Investors expect the Egyptian pound to fall further as the North African country awaits final approval from the International Monetary Fund for a $3 billion loan.
Investors expect the Egyptian pound to fall further as the North African country awaits final approval from the International Monetary Fund for a $3 billion loan.
Traders in derivatives have increased their bets that Egypt will allow its currency to fall by up to 20% over the next year.
Egyptian Pound Bears Expect Another Drop as IMF Meeting Approaches
As the IMF's executive board prepares to meet on December 16, there is speculation about whether the pace of the pound's spot market decline since November will persuade the Washington-based lender.
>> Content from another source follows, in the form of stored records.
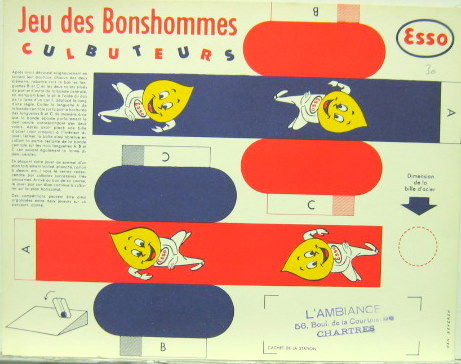 Couverture de ESSO DECOUPAGE CULBUTEURS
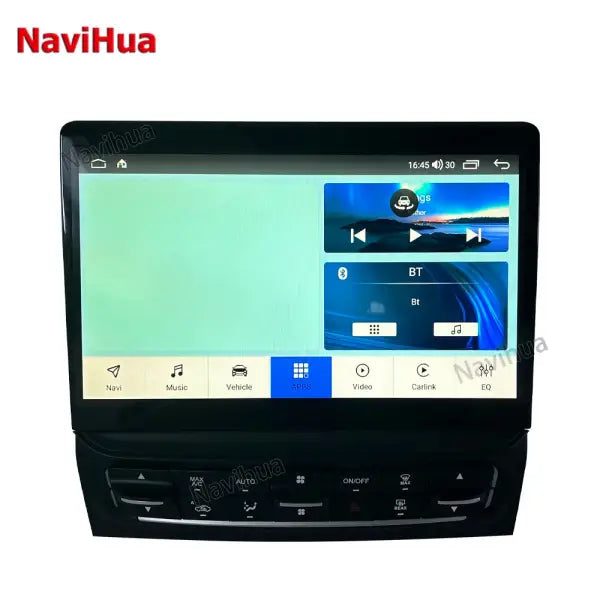 Car Radio for Maserati Quattroporte 2013- 2017 Android Touch Screen Head Unit Car Stereo GPS DVD Multimedia Monitor New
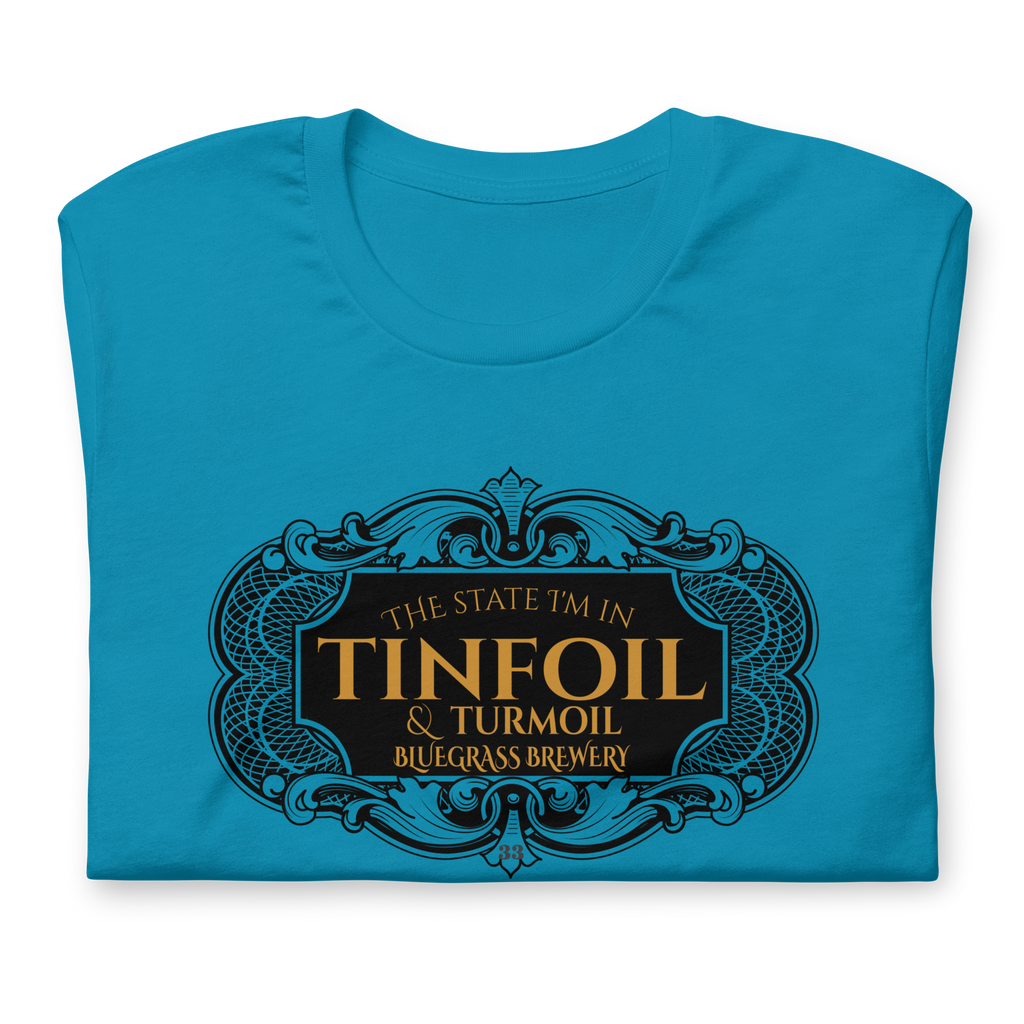 Tinfoil & Turmoil Brewery Bella + Canvas Premium Cotton | 33 BMFS THE GOAT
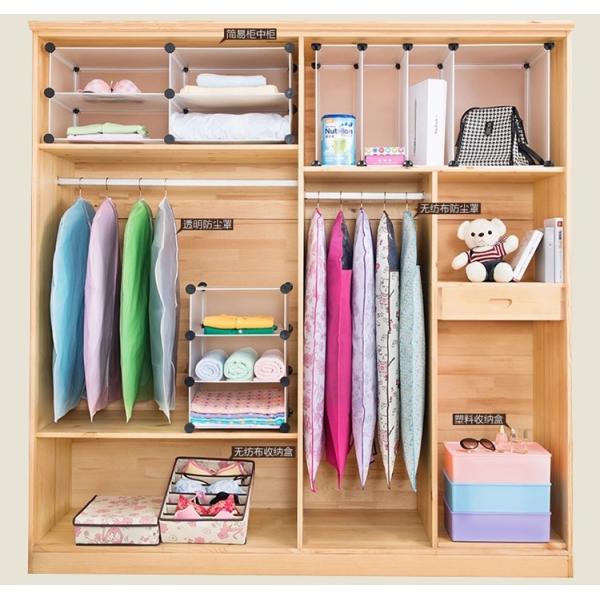 A prueba de polvo impermeable del guardapolvo el 100*70CM de la ropa de la tela no tejida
According to Gordon Bowers, an analyst at Columbia Threadneedle Investments based in London, there are indications that the currency is still somewhat managed and that the IMF may require additional evidence that Egypt has adopted a flexible exchange rate.
As a result, before the meeting, he anticipates another devaluation or a faster depreciation rate.
Not everybody concurs. Before December 16, according to Mohamed Abu Basha, head of macroeconomic research at the Egyptian investment bank EFG Hermes, further pound weakness is not necessarily conditional.
According to him, authorities have complied with the IMF agreement by terminating subsidized lending programs and creating a new document on state ownership policies.
The country of North Africa devalued the pound first in March and again by 18% on the day she announced the IMF agreement in late October.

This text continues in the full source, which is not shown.